Just to make that clear first, the message to the snarkies is my forum signature and isn't directed to you, it's just my sig so it's under my every post.[/Quote}
Your signature is rather unwelcoming, because it is unclear whom it is aimed at. Notice I immediately found two points in my discussion that I thought it was aimed at.
Even though faith is a means of acquiring information, science and faith will never be one, so reading that first post I already felt sorry about you wasting so much of your precious energy and time. Science deals in empirical, quantitative things that are perceptible and reside within observable reality. Faith deals in qualitative things (like love), absolutes and beyond the realm of 5 senses. You can't measure or empirically observe any of that. So it's like apples and oranges.
Religion deals with both. Christian Chat deals with both.

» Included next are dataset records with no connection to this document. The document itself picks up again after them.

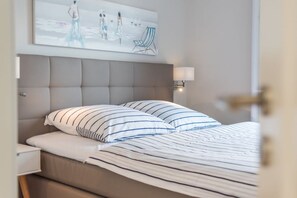 Een hotelkamer met een bed, een hoofdeinde, een wanddecoratie en een bedlamp.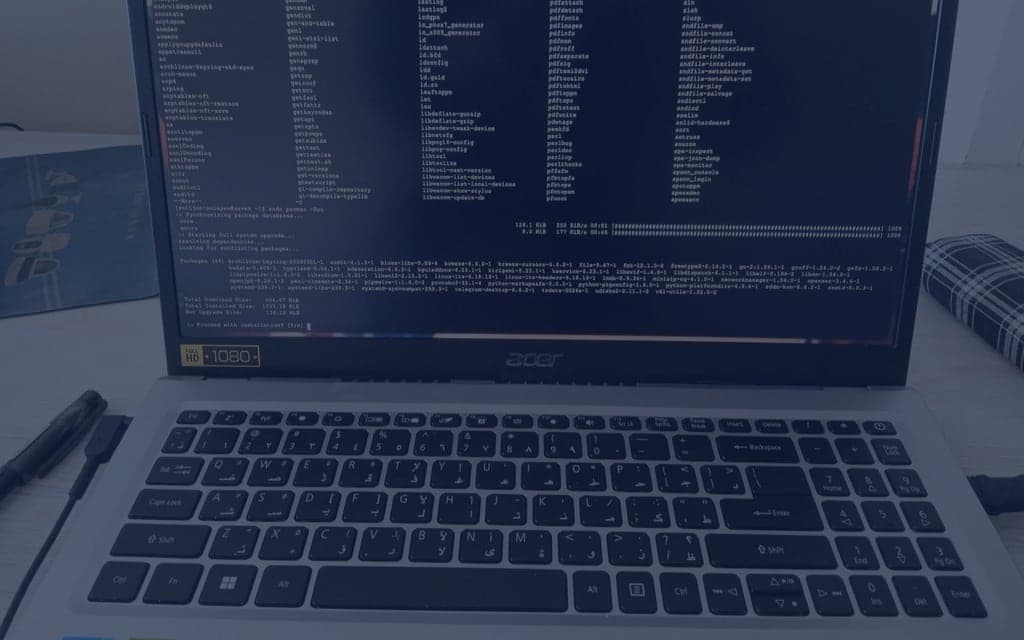 Arch Linux system update running on a laptop screen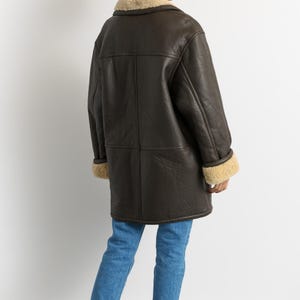 May include: A dark brown shearling coat with a cream-colored shearling collar and cuffs. The coat is worn over blue jeans and red boots. The coat is a long, warm style, perfect for cold weather.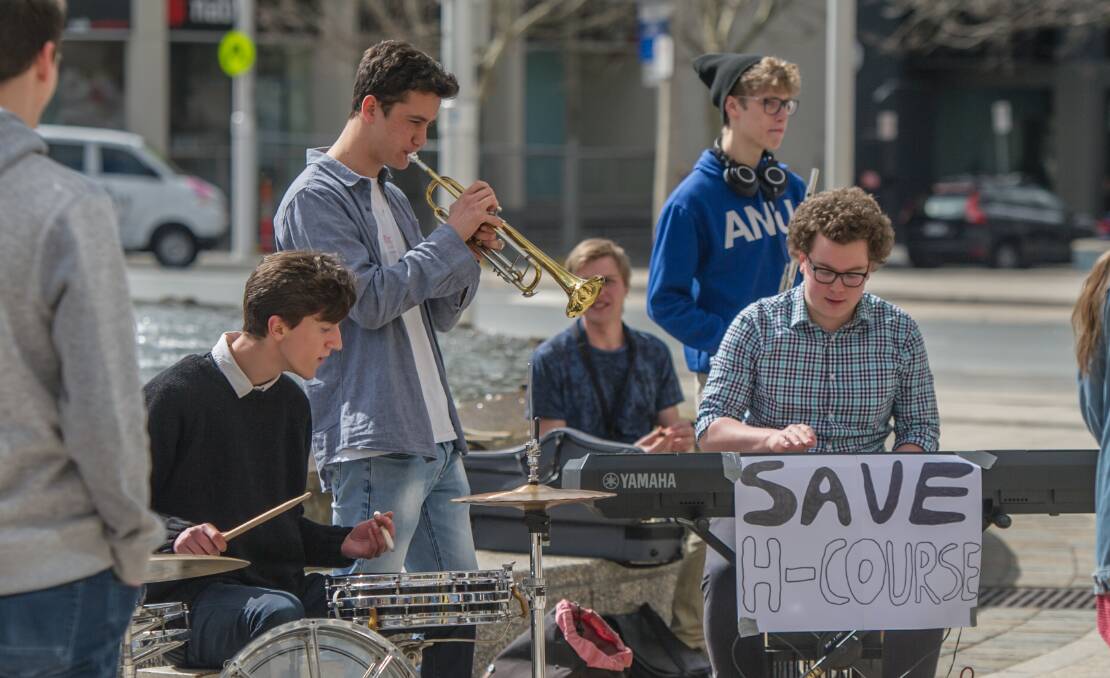 Young musicians held a protest jam outside the legislative assembly last year to demand funding for the 'H Course' be restored. Picture: Karleen Minney.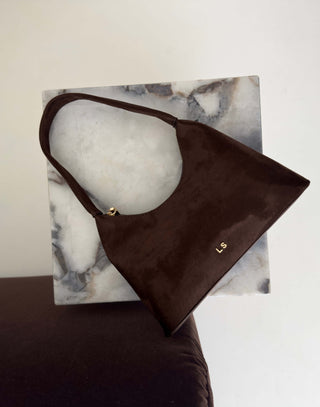 Brown handbag with gold clasp on a marble surface Erika brown faux suede shoulder bag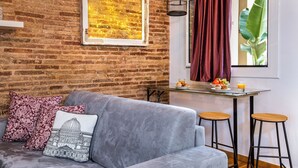 Ein gemütliches Wohnzimmer mit grauem Sofa, gemusterten Kissen, einem gerahmten Bild, einem kleinen Tisch mit Früchten und Getränken und einem Fenster mit Vorhang.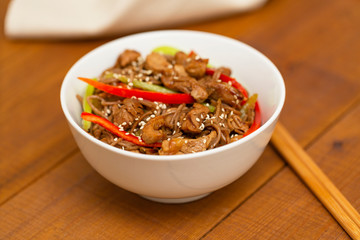 Noodles with pork, vegetables and sesame. On a wooden table.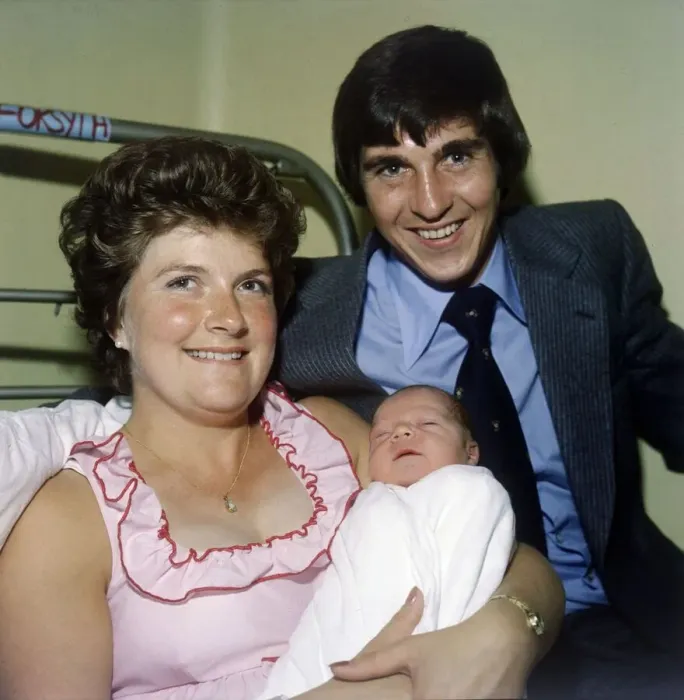 Framed Print : Rangers and Scotland footballer Tom Forsyth in the maternity hospital with his wife Linda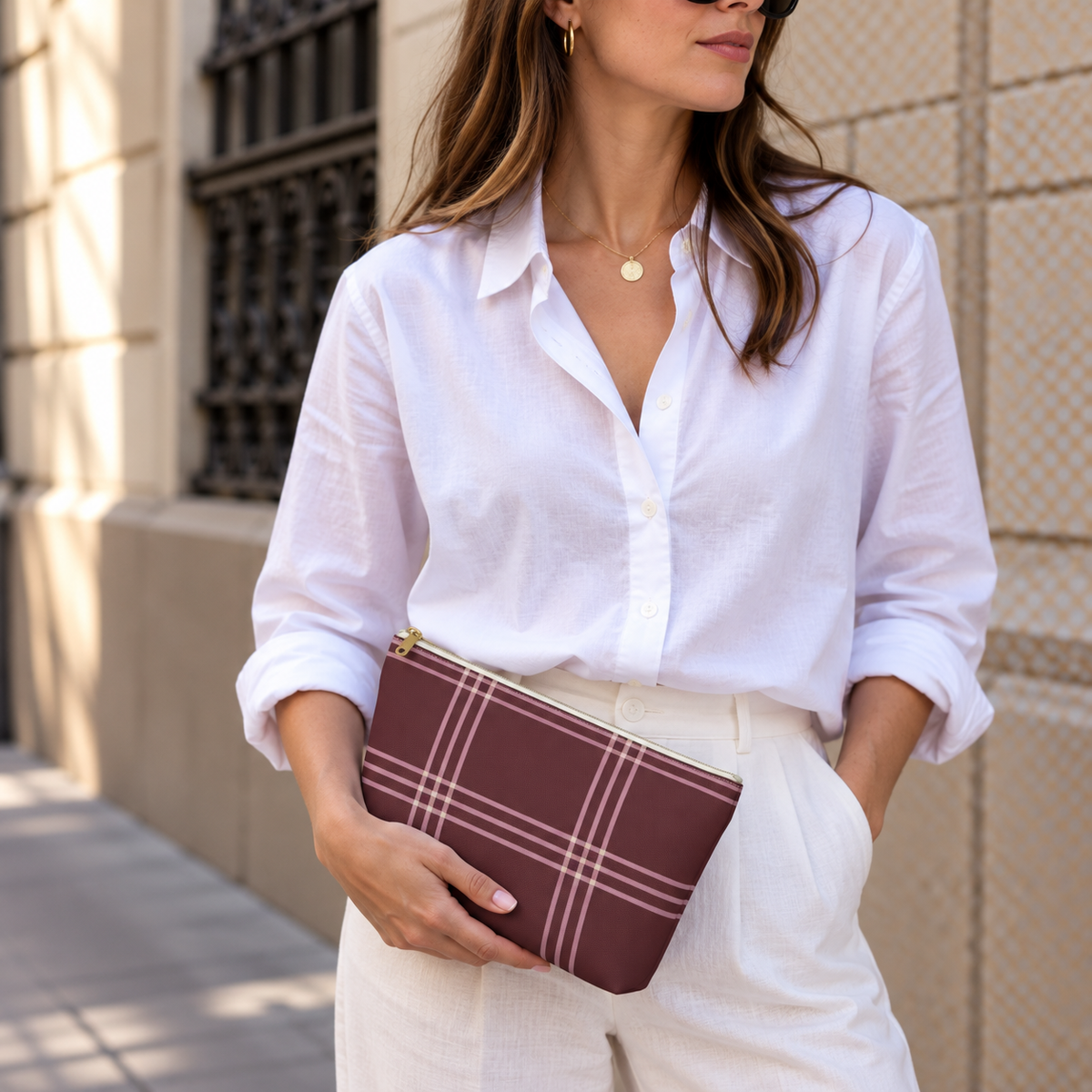 Model in a white shirt holding the burgundy pink plaid makeup bag as a clutch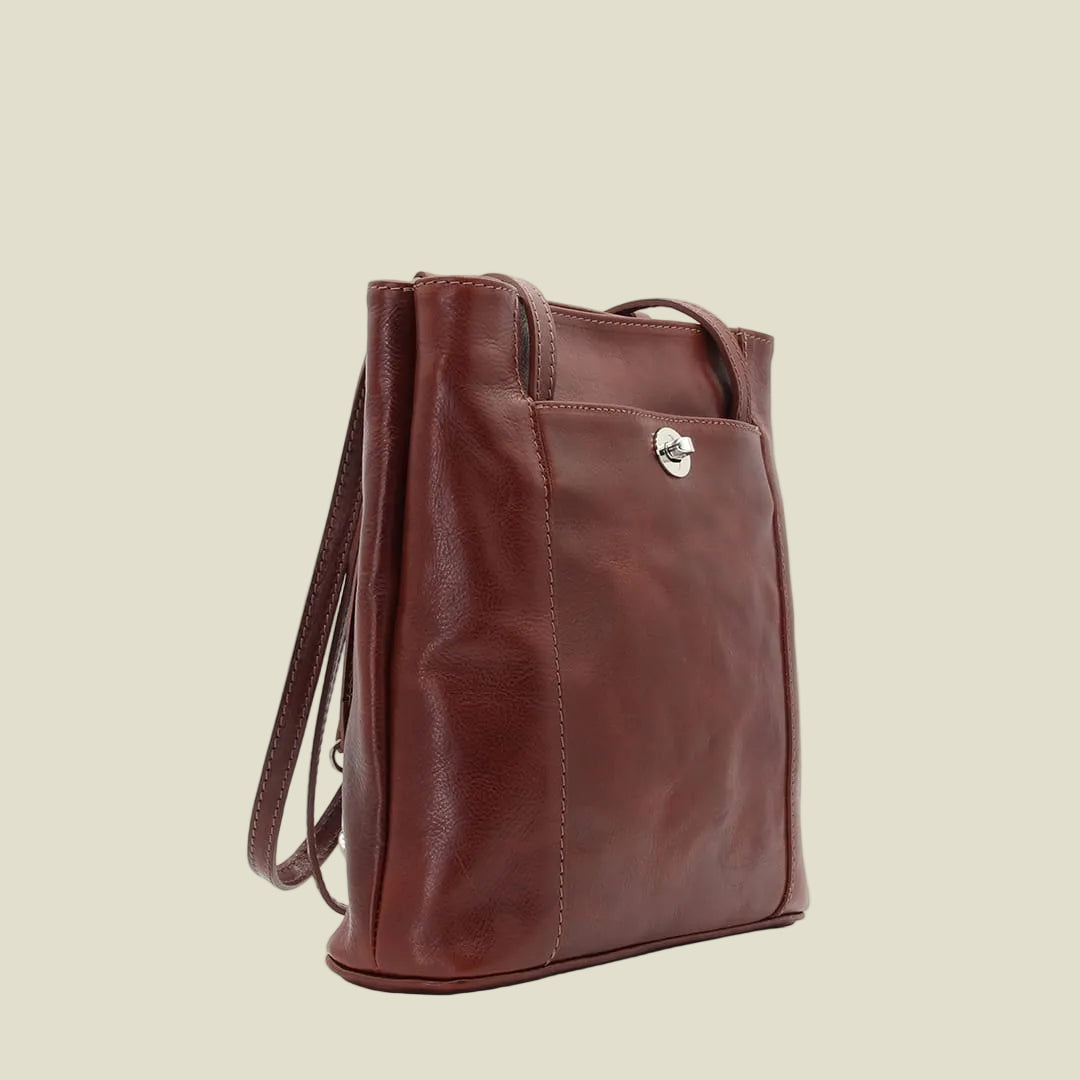 A brown leather tote bag with a top handle and a shoulder strap, shown from a three-quarter angle against a plain white background.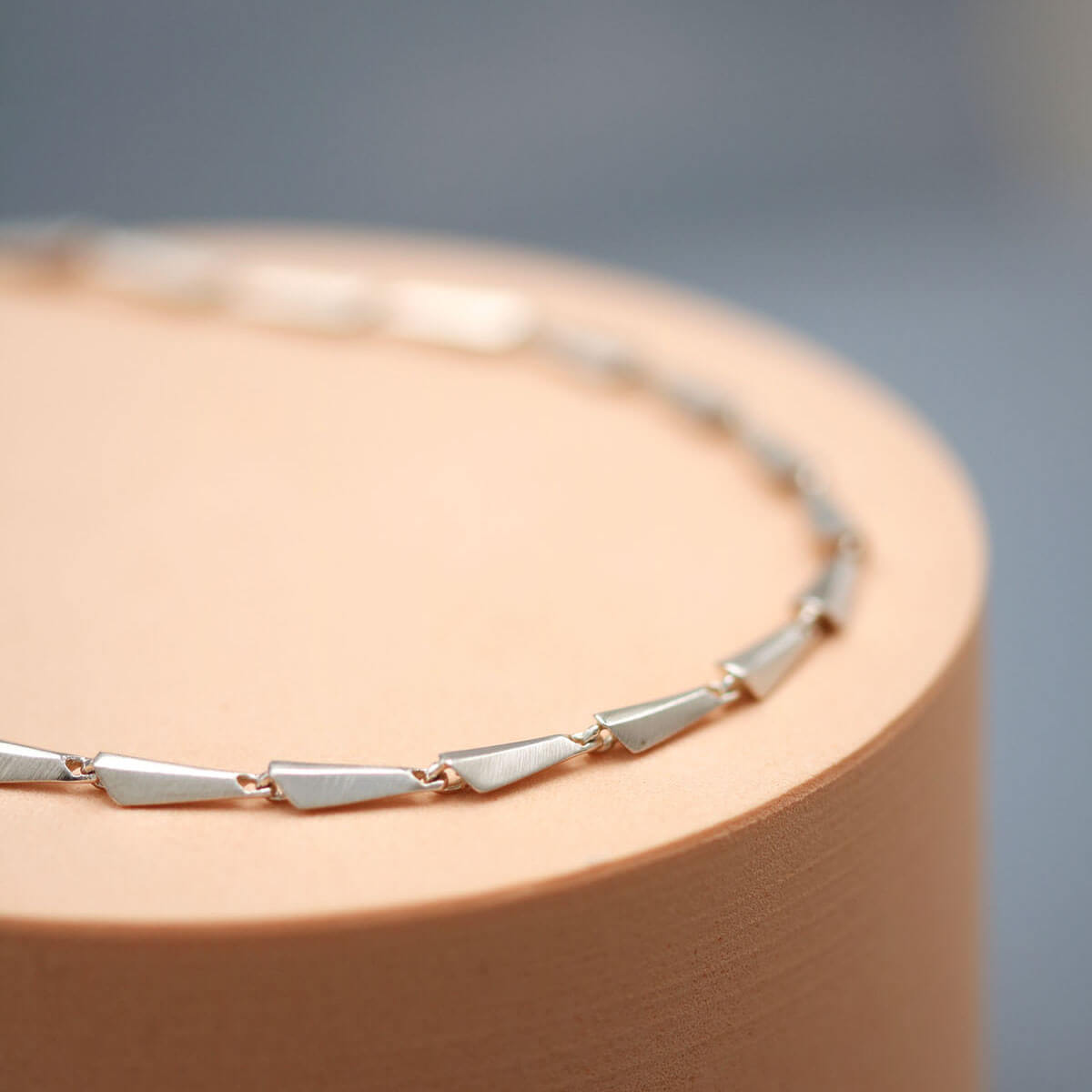 Art Deco necklace in solid sterling silver showing the detailed shape and movement of each individual link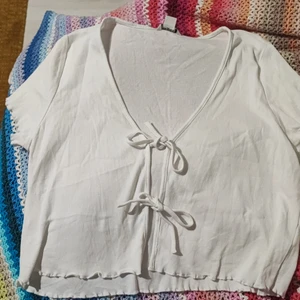 Vit ribbad tröja med snörning - Vit ribbad tröja med snörning fram. Storlek L och i väldigt fint skick.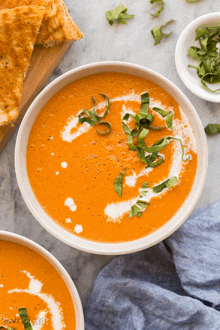 a bowl of tomato soup with a swirl of cream and basil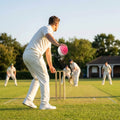 Cricket training ball with reverse swing capability, in red/white and pink/white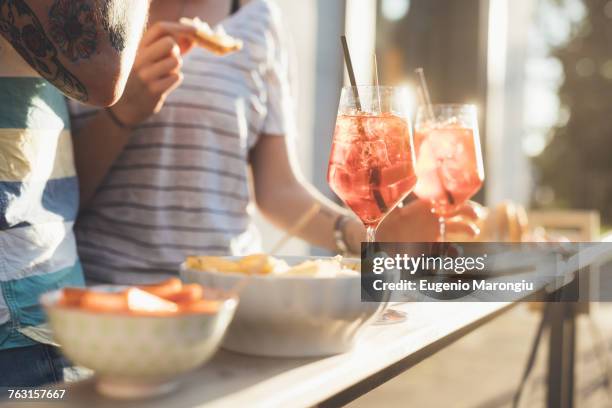 cropped shot of couple eating tapas at sunlit sidewalk cafe - milan cafe stock pictures, royalty-free photos & images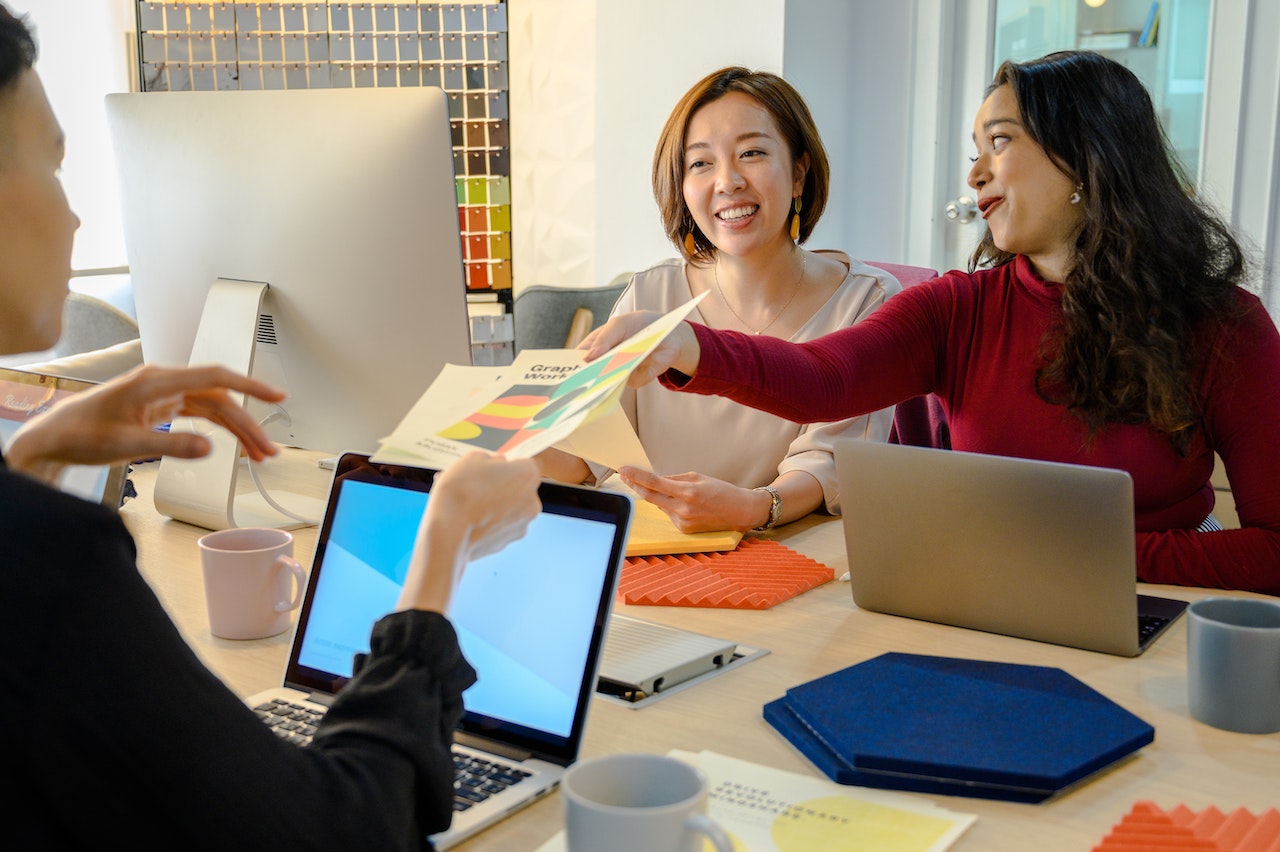 Three women working togehter in a design office. One of them passes a printed document to the person in front of her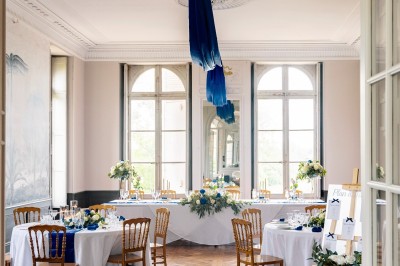 Tente blanche montée sur une pelouse, entourée de personnes et de tables, dans une cour avec bâtiments en arrière-plan.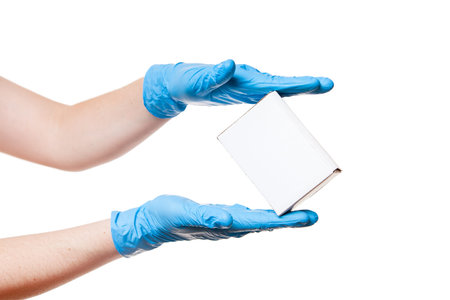 Delivery hands in blue sterile latex gloves holds white label cardboard box, safe delivery during...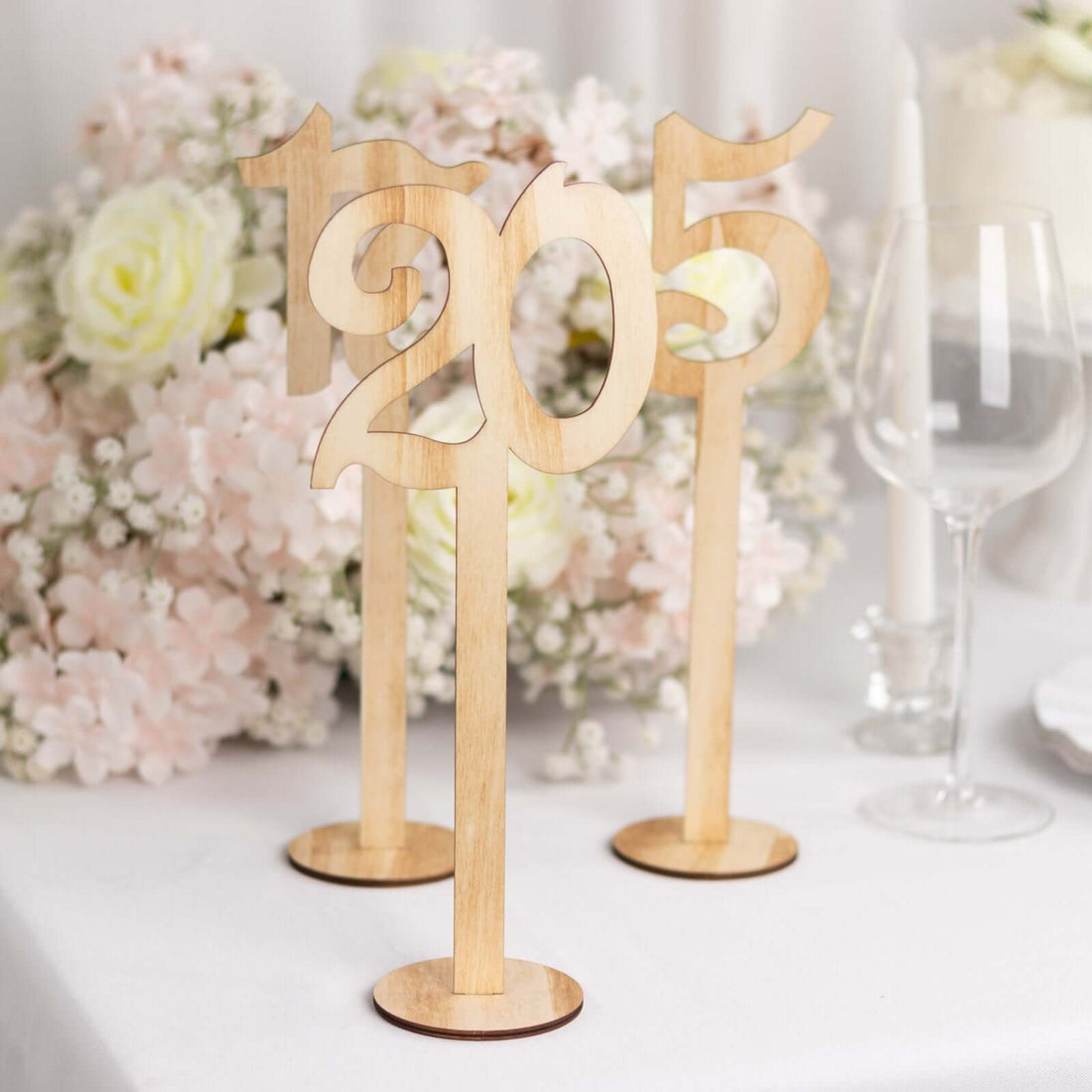 Wooden table numbers 1205 with a floral backdrop.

Nobody can explain a koan in words. What I noticed is that your general approach to these matters overall is extremely cerebral and with a logical mind. So reading your post, I perceived that you do not speak like a zen master or even a student. That's all. You're trying to grapple these things with your brain because you think your brain must be smarter than this ole religious thing. But good luck employing that approach with a Zen koan (or the Bible), you will just exhaust yourself but never be enlightened.
I have been classifying myself as a scientist. Combining that with some equivalent of zen mastery is an appealing idea that has already occurred to me. Such mastery takes practice. Other than direct science what I have been doing is some type of practice.
What you described in your initial post is amalgamation of different belief systems into one, and this is called religious syncretism. As you must be aware, this is nothing new under the sun. I also noticed how you seem to assert that you know math better than all Christians and have scientific authority, you speak as if there were never Christians who were scientists or mathematicians.
I am quite aware of religious syncretism since it is ubiquitous in my study of religion. My assertion about being better at math has nothing specifically to do with Christians. To the best of my knowledge, I know the math specific to the mathematical reduction of reality better than everybody else in the world. There may be someone else out there who is better, but I doubt it, because they are too likely to have come to my notice. There are just too many important scientific problems that I have tentatively solved without seeing other people being near solving them. Being an autodidact I am not blocked by the standard dogmas. Being in the realm beyond the standard dogmas is also why I am unpublished. I am overwhelmed by the problem of moving many tentative solutions to formally solved ones. At UC-Berkeley this has been called the "orthogonality" problem. My specialty is "orthogonal" to how academics normally define specialties.